Abrazada, ahí, donde todos cagan y mean, manchando sus rodillas por la mugre del piso del baño; ora escupe una suerte de espuma, ora se mete los dedos en la garganta. Ese ritual de invocación visceral da sus frutos: el vaticinado vómito acude. Primero un lento golpe en la boca del estómago, luego yogur ácido en el cuello, por último la evacuación poderosa, esos remanentes de comida (probablemente pizza o hamburguesas) flotando semi sólidos en el inodoro, que nunca había perdido tanto su olor a heces.

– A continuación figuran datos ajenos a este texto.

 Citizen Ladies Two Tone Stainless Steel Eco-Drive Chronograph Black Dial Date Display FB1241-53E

Desvanecida, se tira en el pasillo. Llega a estar tan sensible que la rotación del planeta siente a velocidades infernales. Una linda forma de escaparse del mundo, de olerle la túnica negra a la muerte. Recuerda, como en sueños, señoras tan respetables como frígidas, y menos frígidas que hipócritas que durante toda su vida le dijeron que las mujeres no deben hacer esas cosas, emborracharse, fornicar. Estaba borracha, borracha la puerca. Puerca. Puta.

Si bien el mareo ya había pasado, seguía tirada en el piso. Ayudándose con las paredes, se incorpora. El Poeta estaba recostado o durmiendo en su cama. Esa cama que antes que llegara él era tan cuadrada…

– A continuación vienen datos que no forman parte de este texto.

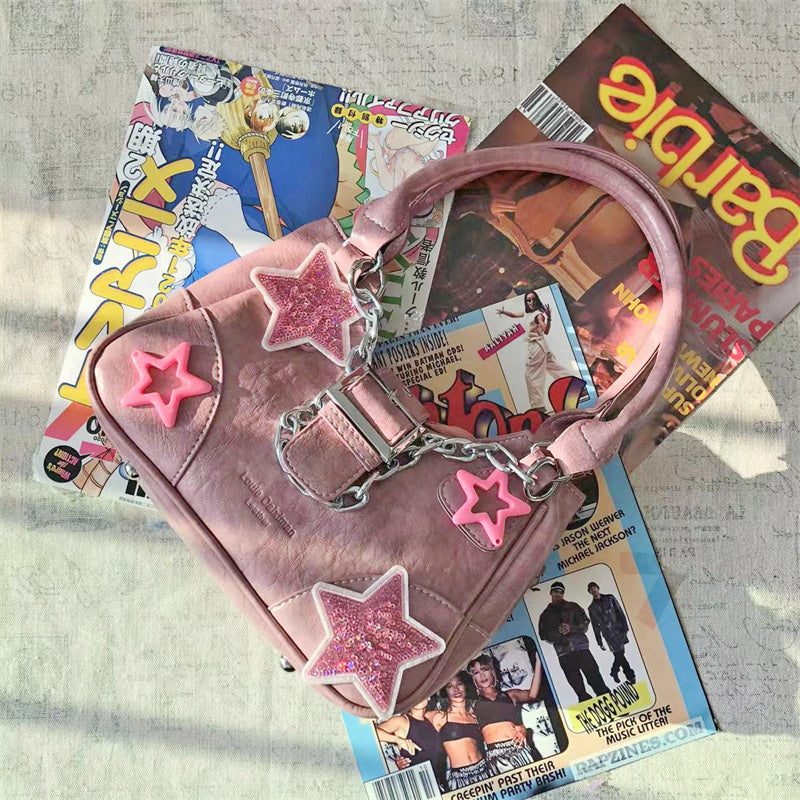 Pink Star Baguette Bag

Se veía tan lindo, como un nene que jugó a la pelota todo el día y que se abriga de la noche con el beso de la madre. Beatriz se acerca hacia su amante, le da un beso en la frente. ¿Para qué molestarlo? Optó por ir a echarse, en actitud canina, sobre toda la ropa sucia que estaba en el suelo. “Perra… Él siempre me dice perra cuando me está por someter. Lo detesto, pero lo necesita para excitarse”.

Se durmió con las manos dentro del pantalón, en la entrepierna, para darse más calor.